Рядом стояла Делинь Она не верила своим глазам! Мое физическое состояние трудно было описать словами. Делинь сказала моей сестре: "Нет, нет, это вовсе не он. Это определенно не мой муж!"
Я был просто мешком из кожи и костей. После побоев и пинков волос на моей голове почти не осталось, уши сморщились, отросла неопрятная борода. Оставшиеся волосы, грязные, слипшиеся от моей собственной крови, свалялись колтуном. Весь мой облик изменился в результате электрошоковой "терапии".
Жена не узнала меня.
Матушка моя поняла, что это был я, лишь тогда, когда нашла на моем теле только ей знакомую родинку. Громко рыдая, она воскликнула: "Это мой сын! Господи, помилуй нас!"
Когда жена поняла, что это исхудавшее человеческое существо действительно ее муж, она почти упала в обморок.
И тут Господь вдруг наполнил силой. Сила свыше снизошла на меня. Это трудно объяснить, но я почувствовал, как мой дух слился с моим Небесным Отцом. Господь повелел мне: "Говори! Настало время говорить!"
Не успел я произнести слово, как сестра рукой закрыла мне рот. Она знала, что все прослушивается охраной.
Но я убрал руку сестры и воскликнул: "Не надейтесь на князей, на сына человеческого, котором нет спасения" (Пс. 145:3). "Лучше уповать на Господа, нежели на князей" (117:9).
Затем я взял за руки брата Фона и, пристально взглянув на него, сказал: "Брат, искушения богатством и почестью не совратят нас. Угрозы и насилие не поколеблют нас. Бедность и мрак не собьют нас с пути истинного. Будь силен в Боге и взирай только на Господа Иисуса Христа. Я уже знал, что ты навестишь меня сегодня - Отец Небесный предупредил меня об этом".
Надзиратели и охранники не поняли ни того, что произошло, ни того, что я сказал. Все плакали и рыдали. Когда я пытался заговорить снова, сестра опять закрыла мне рот. Но было в сердце моем, как бы горящий огонь, заключенный в костях моих, и я истомился, удерживая его, и не мог.
Я взял матушку за руку и сказал ей: "Матушка, твой сын хочет есть! Твой сын хочет пить! Прошла осень и пришла холодная зима. Почему ты не передала мне теплых вещей?"

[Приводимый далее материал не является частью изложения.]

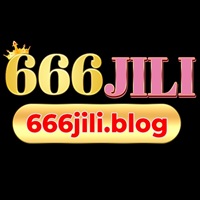 666jiliblog1's picture 666jiliblog1's picture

Она вытерла мои слезы и сказала: "Дорогой сын! Не потому, что твоя мать не любит тебя. Мы передали тебе много одежды и продуктов, но ни одна из наших посылок не дошла до тебя. Мы просили других передать тебе одежду и еду, но тюремная охрана все оставила себе".
Моя семья не понимала, что я имел ввиду не физический голод и жажду. Одна из сестер, услышав, что мне хочется есть и пить, выбежала из тюрьмы в ближайший магазин, чтобы приобрести немного еды и питья. Я же не мог не плакать.
Я снова заговорил: "Матушка, я не жажду ничего земного, ни хлеба, ни воды. Я жажду приобретать людские души. Проповедуйте Евангелие и спасайте людей. Это единственная пища, которая может удовлетворить".
Я воскликнул: "Моя пища есть творить волю Пославшего Меня и совершить дело Его. Не говорите ли вы, что еще четыре месяца, и наступит зима? А Я говорю вам: возведите очи ваши и посмотрите на нивы, как они побелели и поспели к жатве" (Ин. 4: 34-35).
Со слезами на глазах я сказал: "Я постился семьдесят четыре дня. Этим утром на рассвете Бог показал мне в видении, что встречусь с вами. Дорогая матушка, я готов умереть от побоев. Если я умру - то умру преданным Господу. Матушка, ты принесла Тело и Кровь Агнца?"